When seeking to improve a company’s pricing performance, it’s easy to become fixated on the solution that delivers the maximum benefits. After all, why would you do anything else? The equations are clear and the math is straightforward, right?
If you pursue Solution A, you’ll produce X benefit. On the other hand, if you implement Solution B, you’ll generate 2X benefit. So, of course, you’ll want to focus on Solution B. That’s the most logical conclusion, yes?
Well…no…not exactly.
You see, the equation isn’t as simple as “this solution equals this benefit.” In the real world, there’s another major variable that is often underestimated or overlooked altogether.
Let’s call it the “R” factor.
Whenever you’re looking to change the status quo, you’re going to encounter resistance. Not only are the human beings in your organization biologically wired to resist change; all of the existing systems, processes, policies, and procedures in your operation have been purposely designed to resist change.
Far from being futile, this multi-level resistance can significantly increase the amount of time and effort required to bring an improvement initiative to fruition, while at the same time lowering the overall benefit realization. And worse case, organizational and operational resistance can even lead to an improvement initiative being shelved or scrapped entirely.
So how do you keep the “R” factor from blowing up your improvement equations? How do you lower the resistance that can slow or even derail your efforts? There are several strategies that can help, including:
- Seeking a Series of Smaller Changes: Big bang changes can be overwhelming, sparking significant resistance. Breaking down the change into smaller, manageable pieces can help individuals and teams adjust more gradually. This approach allows for easier adaptation and reduces the fear and anxiety associated with significant shifts.
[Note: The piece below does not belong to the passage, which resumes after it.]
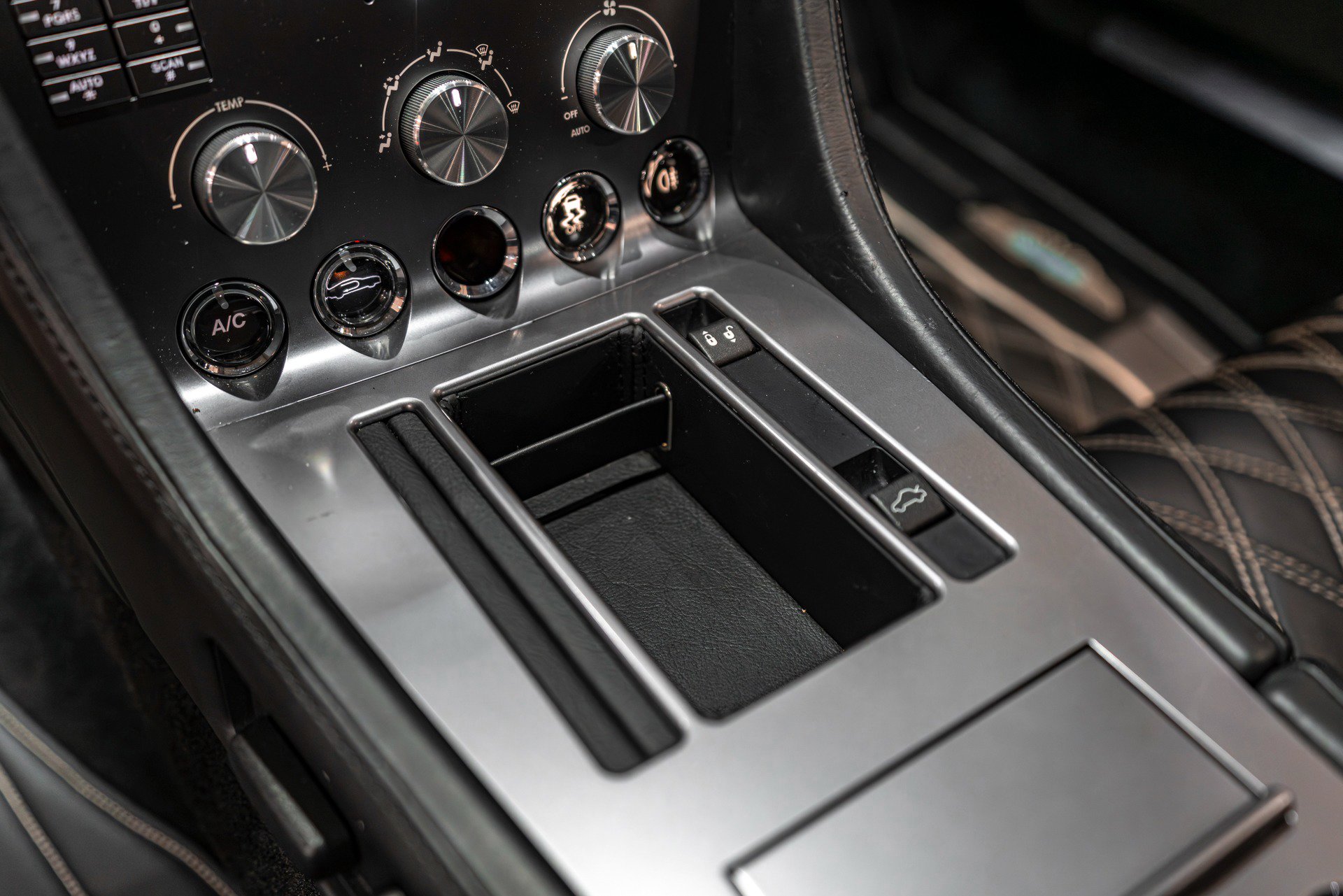 Used 2008 Aston Martin DB9 Coupe image 17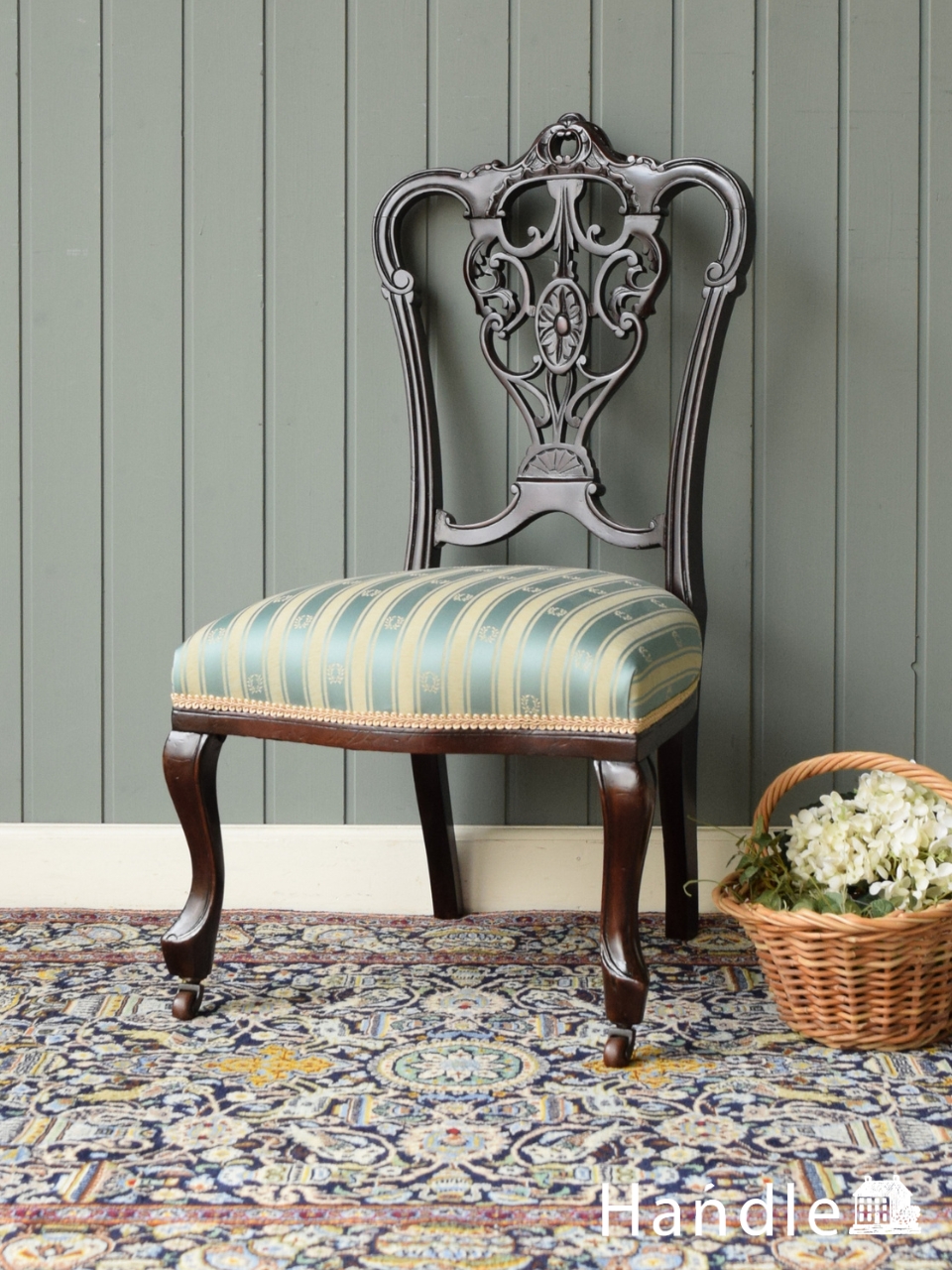 透かし彫りが美しいアンティークの椅子、英国マホガニー材のナーシング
- Aligning with Existing Processes, Systems, and Habits: Whenever possible, integrate new changes into the existing framework of how things are done. People are more likely to accept change if it doesn’t require a complete overhaul of their daily routines. Leveraging familiar processes and systems can ease the transition, making the new changes feel less intrusive and more like a natural evolution.
- Involving Stakeholders Early: One of the most effective ways to reduce resistance is to involve those affected by the change in the planning stages of an initiative. When stakeholders have a say in the change, they’re more likely to feel a sense of ownership and commitment. Early involvement helps identify potential resistance points and allows for the design of more acceptable and effective approaches.
- Communicating Openly and Frequently: Fear of the unknown fuels resistance. Transparent communication about the reasons for the change, the benefits it aims to achieve, and the steps involved in the process can alleviate uncertainty. Keeping communication channels open allows for addressing concerns and feedback promptly, further reducing resistance.
While there’s actually quite a bit you can do to minimize the “R” factor from the very beginning, of course you do have to acknowledge its existence in the first place. And equally important, you have to recognize the magnitude of its influence on the success or failure of your initiatives.
The tendency to underestimate the scale, scope, intensity, and sources of organizational resistance can be nearly as detrimental to your improvement initiatives as overlooking the issue entirely. That’s why we always recommend that you double or even triple your “worst case” estimates for how much organizational resistance you’ll encounter and plan your mitigations accordingly.
Speaking from experience, it’s much better to overestimate the “R” factor and be pleasantly surprised than to have your last pair of rose-colored glasses crushed into dust as you get blindsided by reality.